Futuristically, we cannot ignore the Bible theme’s pointedly reference toward a generational event, pending and at hand; which book does not forecast ‘end of the world or end of human history (end of time)’ but rather end of the Age (time to the end). Notwithstanding, as we address questions raised in preface, Gog/Magog and company cannot be associated as confederate armies but differentiated, as Gog from Magog, thus properly conformed as principal and principality. We paraphrase the author’s question: ‘What can we know about the mysterious figure, the Antichrist?’ Surely, many Antichrists were present in first century ambiance via I John 2:18, circa A.D. 60. As a history professor, it should present no great task to the author to identify those forces at work in A.D. 60 environs. To correlate first century Antichrist(s) as a future but singular entity might border on eschatological naiveté!

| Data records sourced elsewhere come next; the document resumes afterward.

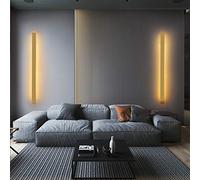 YXNKK LED Applique Murale Longue Minimaliste Chambre Lampe Murale Intérieur Doré Lampe de Mur Salon Acrylique Lèche-Murs Métal Moderne Décoration Murale pour Couloir,6000k White Light,100CM/30W
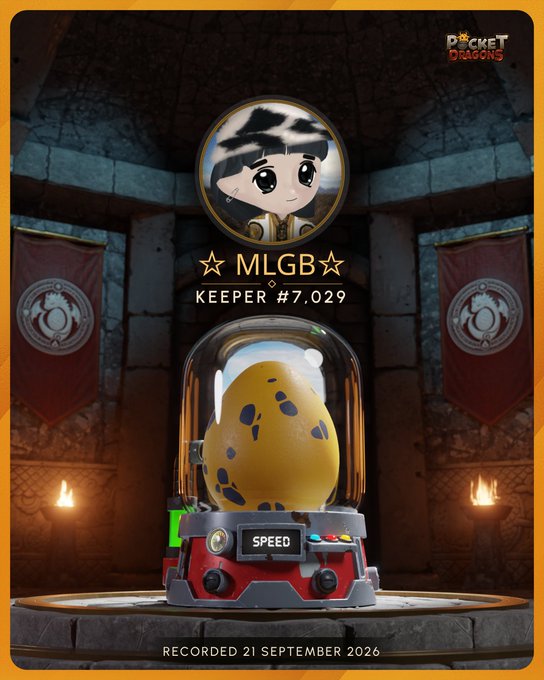 A Pocket Dragons NFT card showing 'MLB KEEPER #7.029' with a spotted egg in a 'SPEED' machine, recorded 21 September 2026.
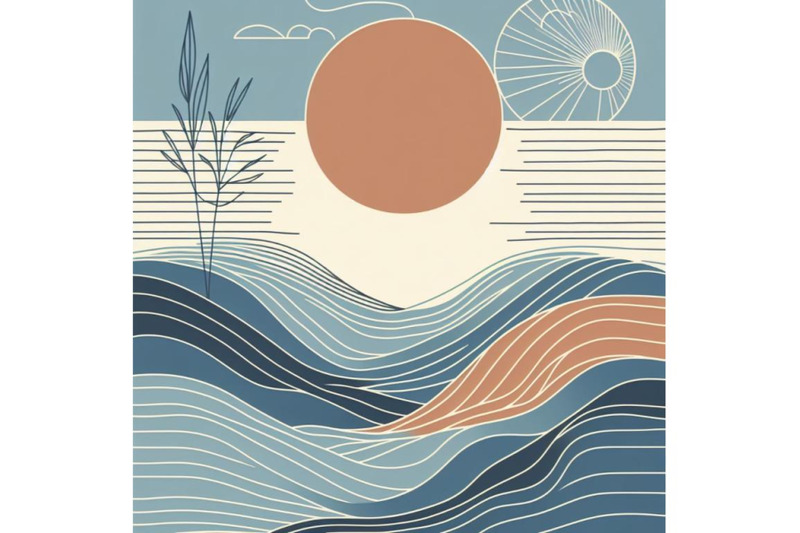 bundle-of-mid-century-sunset-print-boho-minimalist-printable-wall-art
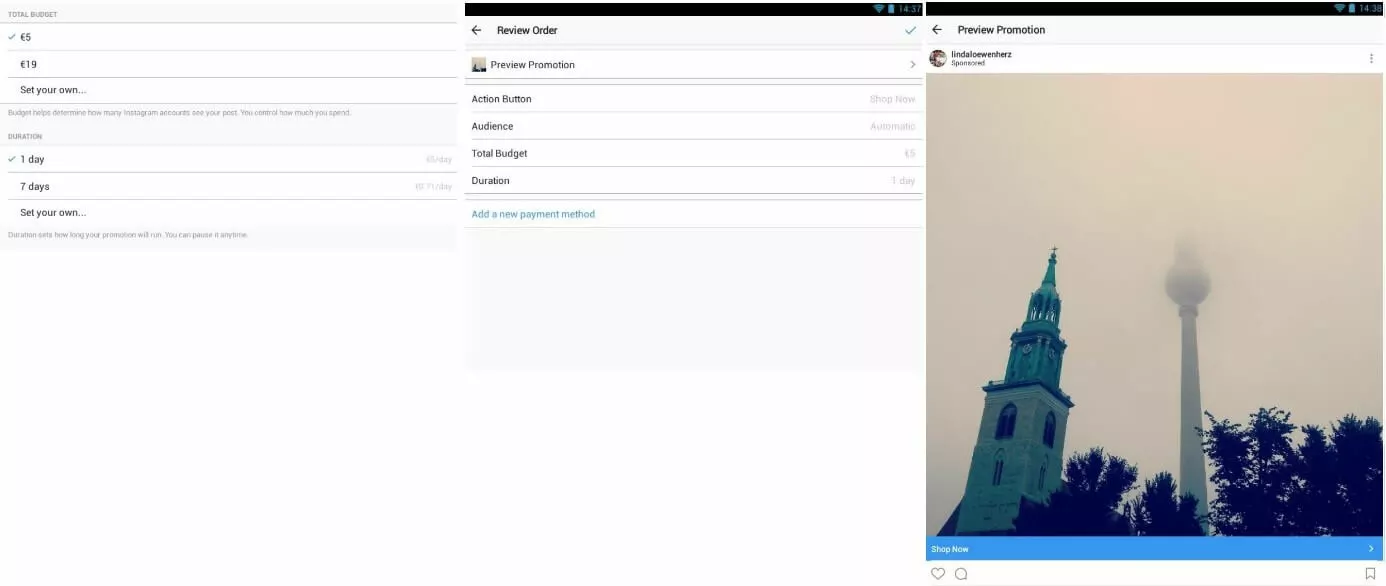 Image: Instagram ad manager menu for setting budget and duration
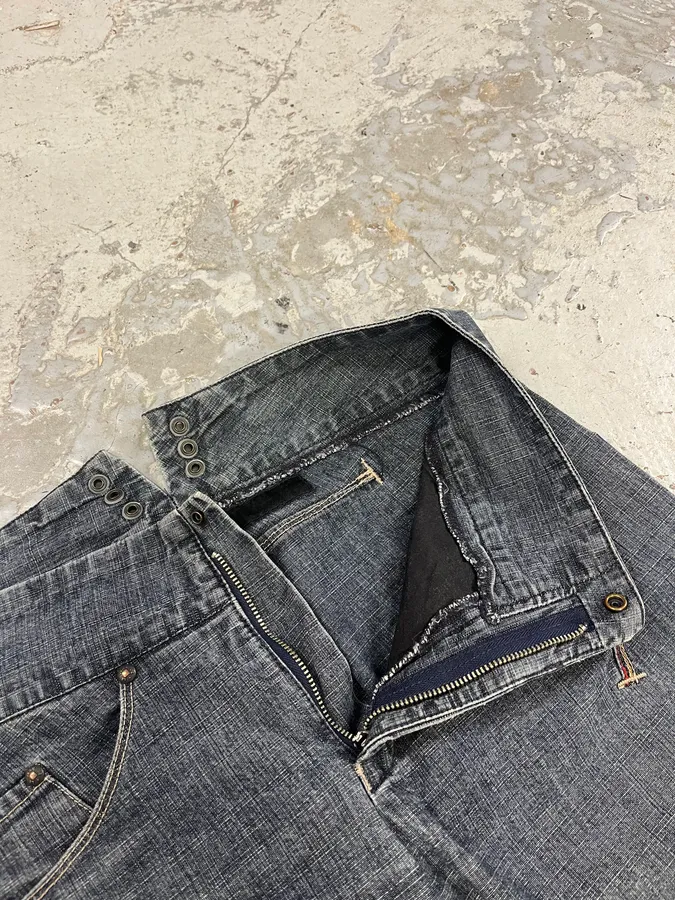 2000s Marithé + François Girbaud Navy Brut Denim Flared Contemporary Jeans - Image 10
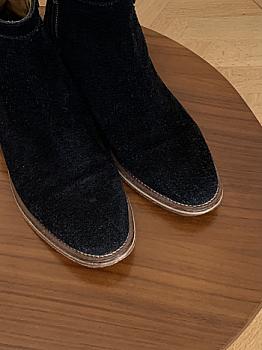 Black leather women&#39;s boots suede 
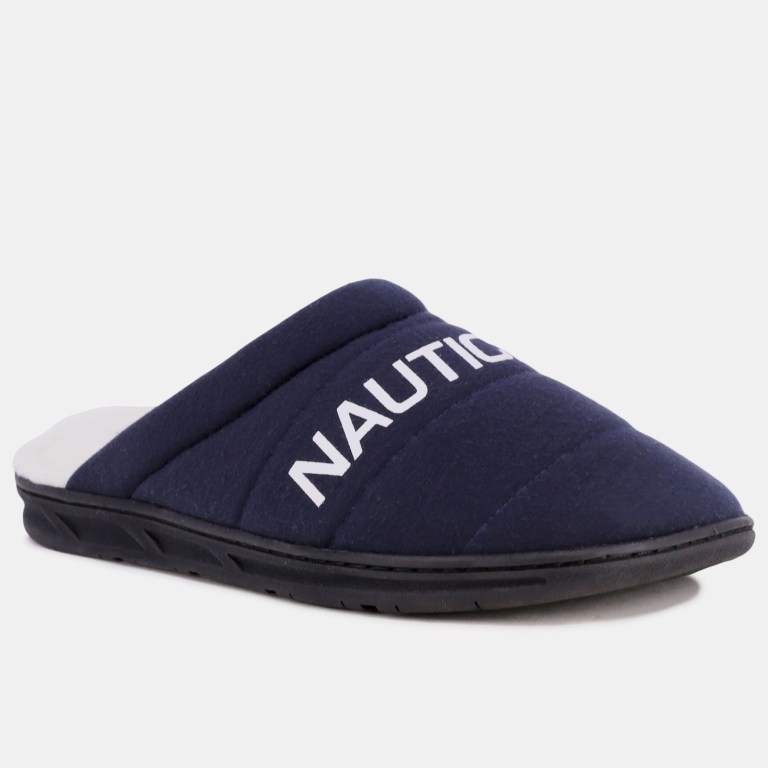 Men's Nautica Logo Jersey Slippers Navy | UrDf8i00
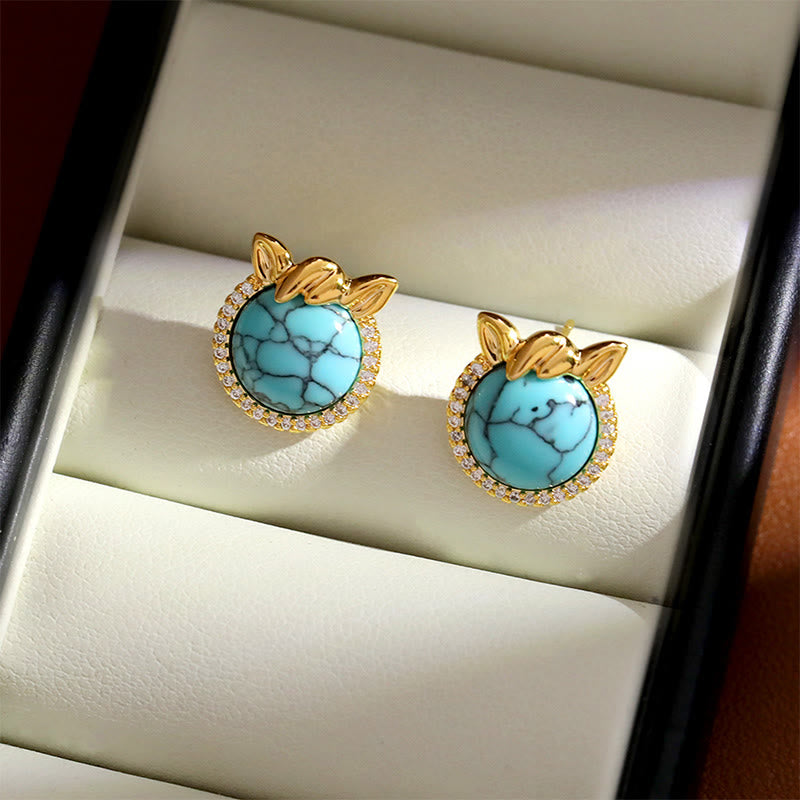 Boucles d'oreilles équilibre en cuivre turquoise et Buddha Stones, en forme d'oreille de cheval - image 3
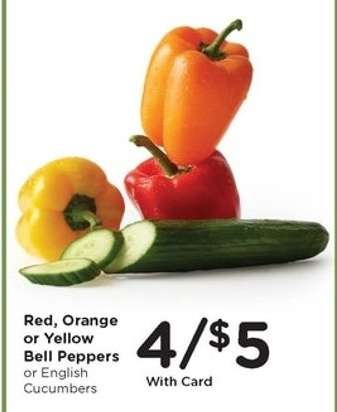 Red, Orange or Yellow Bell Peppers or English Cucumbers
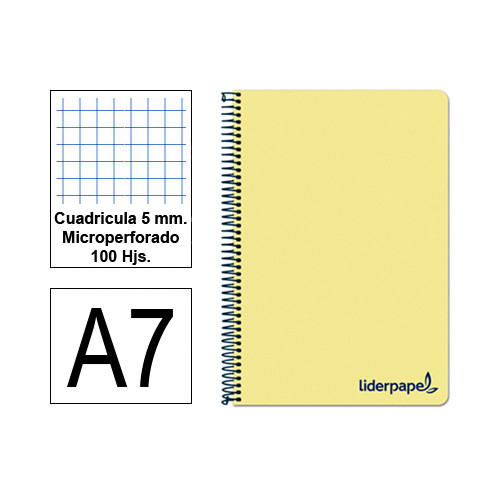 Cuaderno espiral tapa de polipropileno liderpapel serie wonder, din a7, 100 hj. 90 grs/m². 5x5 s/m. amarillo
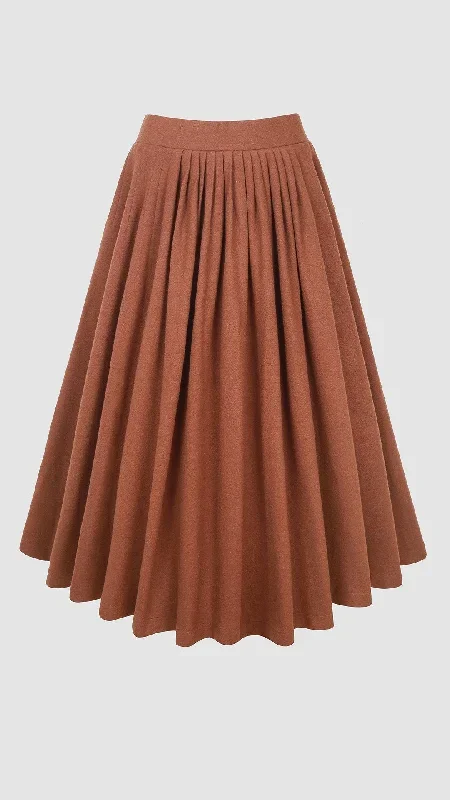 brown-wool-skirt-pleated-wool-skirt-winter-skirt-wool-circle-skirt-flared-skirt-a-line-skirt-handmade-skirts-linennaive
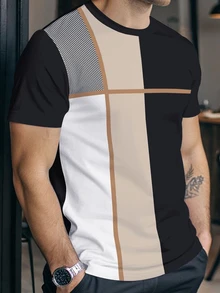 Manfinity Homme Men's Colorblock Round Neck Short Sleeve Casual T-Shirt White - Black - View 1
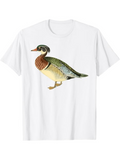 Men's T-Shirt Vintage Colorful Illustration With Natural Feather Details Duck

Regarding the enemies of organized religion, which terrorist philosophy condemns even peaceful infidels, Dailey admits the ambition practically confines himself and wife to house arrest, along with their pseudo-friendly Muslims. Coexistence alarms the shabiba (younger set), and they become increasingly incensed, proving efficacy of Mohammed’s philosophy: punish Muslim citizenry enough and they will capitulate-and will serve the terrorists to thus insure their own and family survival.
We can treat monotheism as an honorable institution, only up to a point, and by judging conformance via idealized ethics and ethos. All three monotheisms inhere ideological par: that is; each was established to benefit one and disenfranchise another. Islam, the most militant, mandates a continuous jihad to effect world conquest. Yet, in the USA, evidently, radical leftists defend Islam’s first amendment rights to incite our own destruction! Political sycophants also busily abet Islam’s cause – not unlike the servility exhibited in more lenient writings.
Much in politics, religion, and literature earns little or no commendation and policy comes to fruition strictly as a commercial enterprise. Yet, confirmed by syllogistic conclusions, some exegetical results are worthy of investigation. Such hard-won conclusions are available to those with the need to know.